Take your jokes where you can get ‘em, because Grand Ages: Medieval is one semi-hardcore economics/empire simulator. It’s got the pseudo-4X stylings of something like Total War mixed with the real-time-with-pause progression found in something like Europa Universalis IV—but all centered around trade and the economy.
You start the game as the leader of a single medieval town—maybe a coastal fishing village, or a mountainous mining settlement, or a loosely assembled group of shepherd hermitages. Then with the time-honored arts of capital-B Business, you set out to forge an empire across Europe.
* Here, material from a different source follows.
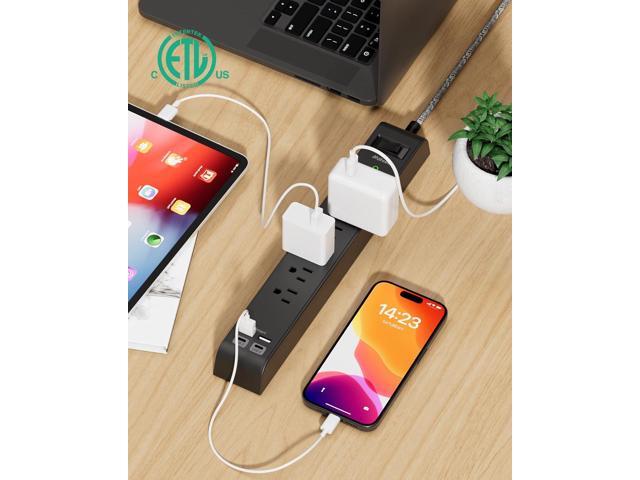 2 Pack Surge Protector Power Strip with 6 Outlets 4 USB Ports 5-Foot Long Heavy-Duty Braided Extension Cords Flat Plug 900 Joules 15A Circuit...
Trade your fish inland. Trade your lumber to the grasslands. Trade your metals to…well, pretty much everyone. Slowly accrue gold. Slowly hire more trade convoys. Slowly expand your operations to cover a larger part of Europe. Send settlers out to establish new towns, with silly names like Buttsville.
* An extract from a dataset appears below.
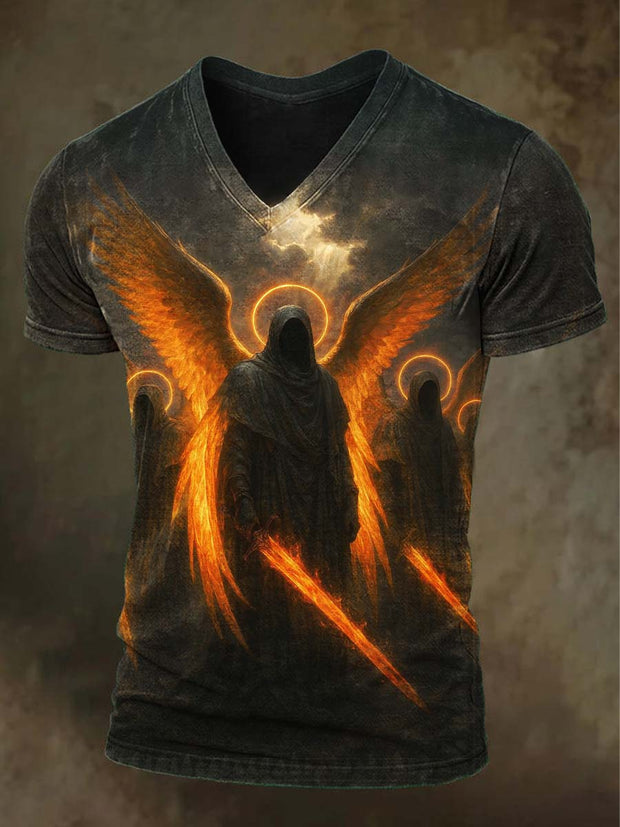 Abstract Art Angel Print Casual Short Sleeve T-Shirt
See, each town can only produce four resources (out of a possible twenty) at a time. Excess is traded away to neighboring towns in return for whatever you’re short on. Skilled merchants can make a profit both coming and going.
It’s X Factor, except the “X” in this case is not a questionable amount of music talent—it’s the ability to “mutually aid” your neighbors by selling them dubious-quality fish and taking their gold in return. Every week. Forever. Until the entire town collapses and you volunteer (quite graciously) to take over as mayor, thus expanding your own domain.
Taken another way, it is accounting. Your job in Grand Ages: Medieval is basically a glorified course in Imperial Accounting 101—balance the books, learn about supply and demand and trade networks, figure out how to cycle food and metal to the cities, tools to the farms and mines. It is beautifully-rendered spreadsheets.
And yet if I’ve learned anything in my time playing PC games, it’s that I have a boring streak about a mile wide hidden right at my core. The same streak that compels me to put Europa Universalis IV on our Game of the Year list—for good reason, I might add—also finds something strangely addictive about Grand Ages: Medieval.
Buy. Sell. Buy. Sell. Buy. Sell. Upgrade your town. Repeat. Grand Ages: Medieval is hardly going to win our entirely-fictional “Most Visceral Game” award. But there’s something about a strategy game that allows players to conquer through economic warfare as readily as actual sword-and-board warfare. There’s something addictive about the cycle—about gradually optimizing trade routes, automating them so you can focus elsewhere.
More than Europa Universalis, more than Total War, more than Civilization, Grand Ages: Medieval is like peering into the guts of an empire instead of sitting above it. Why is an emperor concerned with trade routes I don’t know. But in this game, that’s life. Grand Ages: Medieval is about slowly building a massive machine out of piecemeal parts, and then tuning those pieces towards perpetual motion—towards self-correction and permanence.
The sun will never set on the Butt Empire.
I don’t know how the Grand Ages: Medieval experience will hold up across a dozen, two-dozen, two-hundred hours—but I do know I enjoyed what I’ve played so far. So much so that I accidentally extended my demo to twice its planned length, almost missing a later meeting in the process. It’s definitely not for everyone—more for the scotch-and-a-quiet-night-in crowd than your typical game. But I think it might be worth checking out.
We’ll presumably have a more solid opinion when the full game launches in September.